The Co-op will be left with only a 30% stake in the bank, according to Sky News City Editor Mark Kleinman.
An announcement is expected to confirm the deal next Monday, with City investors and bondholders filling the funding shortfall.
The growing likelihood of the self-styled ethical lender being controlled by predatory US hedge funds and blue-chip investors such as pension funds and insurers has triggered warnings over the bank's future ethos.
Meanwhile, the bank has confirmed a suspension of listing and trading on the London Stock Exchange of its subordinated debt securities.
"The group has stated that constructive engagement with bondholders is continuing and that Group remains confident that a proposal to recapitalise the bank can be agreed and put to bondholders," it said in a statement.
"The bank expects to request the suspension of the relevant securities to be lifted at the time that full details of a recapitalisation plan are announced."
The Co-op banking division operates as a mutual concept and currently has 4.7m customers. It includes an insurance arm for home, motor and pet cover.
On June 17 the bank, which was founded in 1872, announced it needed to raise £1.5bn to plug the capital black hole.
The bank now admits it needs an additional £105m to deal with increased provision for payment protection insurance (PPI) and other product mis-selling claims, and "expects that many elements of any recapitalisation plan will be materially different".
The recapitalisation from outside the mutual comes after the Co-op previously set aside £269m to compensate customers mis-sold PPI.

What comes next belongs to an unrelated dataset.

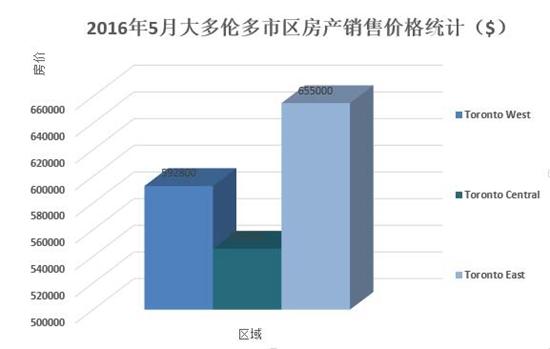 多伦多最新房价动态与走势，购房指南及市场深度解析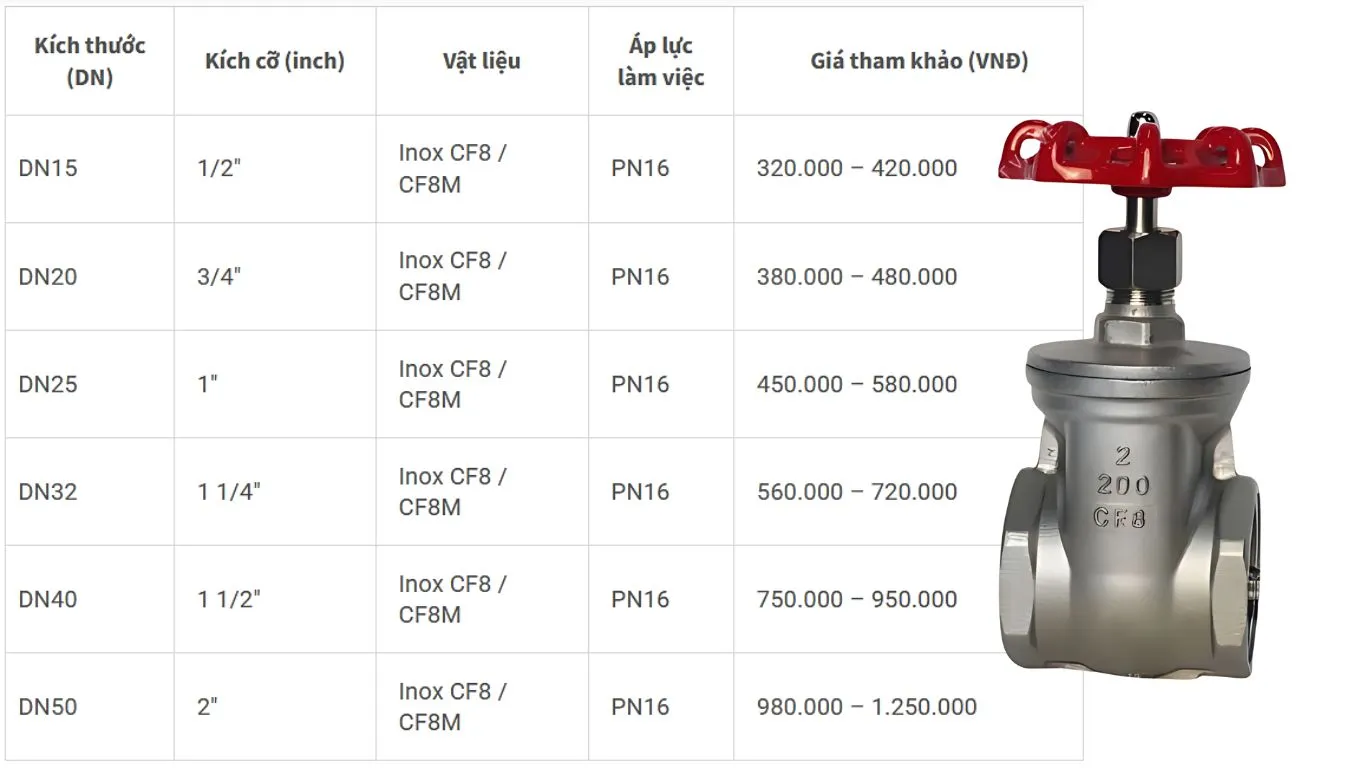 Bảng giá van cổng inox Wonil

The recalculated funding shortfall is due to more customers coming forward as well as the Financial Conduct Authority providing fresh guidance on appropriate levels of compensation for customers.
The sum also includes a compensation for mortgage customers affected by a newly-discovered flaw in which they were charged only interest on their first mortgage instalment - meaning further payments were higher than they should have been.
Customers who took out Platform and Optimum mortgage products would have been affected although the bank has not yet notified any of them and further details of the scale of the issue remain unclear.
The bank said the overall new provision of up to £105m also took into account "the identification of a technical breach of the Consumer Credit Act".
This was thought to relate to failing to inform some loan customers that they could reduce their outstanding balance.
The overall provision from the bank also includes money put aside because of overdue payments and unpaid cheques.
Co-op disclosed the figures as it prepares for its recapitalisation plan - which will mean it has to publish financial details to the stock market.
The attempt to plug the £1.5bn black hole in its balance sheet through a painful fundraising will force losses on to owners of its bonds and leave it with a stock market listing - ending its prized mutual status.
Hedge funds represented by investment banks had earlier demanded the bank tear up its rescue plan, instead proposing an alternative plan of converting all its bonds into shares, giving it a bigger stake in the lender.